Toxicité sur la reproduction/fertilité
Les études de reproduction effectuées sur l'animal ont révélé que la lamivudine, ainsi que la zidovudine, franchissent la barrière placentaire.
La lamivudine ne s'est pas avérée tératogène en expérimentation animale; toutefois, elle a augmenté la létalité embryonnaire précoce chez le lapin à la suite d'une exposition systémique relativement faible, comparable à celle visée chez l'être humain. Cet effet n'a cependant pas été observé chez le rat, même après une exposition systémique très élevée.

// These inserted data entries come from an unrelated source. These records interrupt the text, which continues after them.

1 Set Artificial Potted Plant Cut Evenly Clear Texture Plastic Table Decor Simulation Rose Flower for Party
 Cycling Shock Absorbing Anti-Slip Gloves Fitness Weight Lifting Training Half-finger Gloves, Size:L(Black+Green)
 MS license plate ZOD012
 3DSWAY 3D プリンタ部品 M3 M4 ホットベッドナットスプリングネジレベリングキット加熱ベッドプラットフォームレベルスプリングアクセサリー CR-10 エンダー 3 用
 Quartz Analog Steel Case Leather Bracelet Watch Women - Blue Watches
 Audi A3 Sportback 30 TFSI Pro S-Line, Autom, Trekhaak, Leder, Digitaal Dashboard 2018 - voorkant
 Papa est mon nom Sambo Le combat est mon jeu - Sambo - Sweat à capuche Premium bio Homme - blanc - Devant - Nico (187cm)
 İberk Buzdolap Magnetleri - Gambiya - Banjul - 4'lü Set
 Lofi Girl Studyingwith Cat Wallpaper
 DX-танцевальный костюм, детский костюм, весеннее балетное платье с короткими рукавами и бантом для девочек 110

La zidovudine déploie une action analogue chez les deux espèces animales, mais uniquement lors d'une exposition systémique très élevée. La zidovudine administrée à des doses maternotoxiques à des rats femelles pendant la période d'organogenèse a provoqué une augmentation de la fréquence des malformations fœtales. En revanche, aucun indice de malformations fœtales n'a été observé à des doses plus faibles.
Dans les études menées chez des rats mâles ou femelles, la fertilité des animaux traités n'a pas été compromise, ni par la zidovudine, ni par la lamivudine. Il n'existe cependant aucune donnée de leur impact sur la fertilité chez la femme. La zidovudine n'a aucune influence sur le nombre, la morphologie ou la motilité des spermatozoïdes chez l'homme.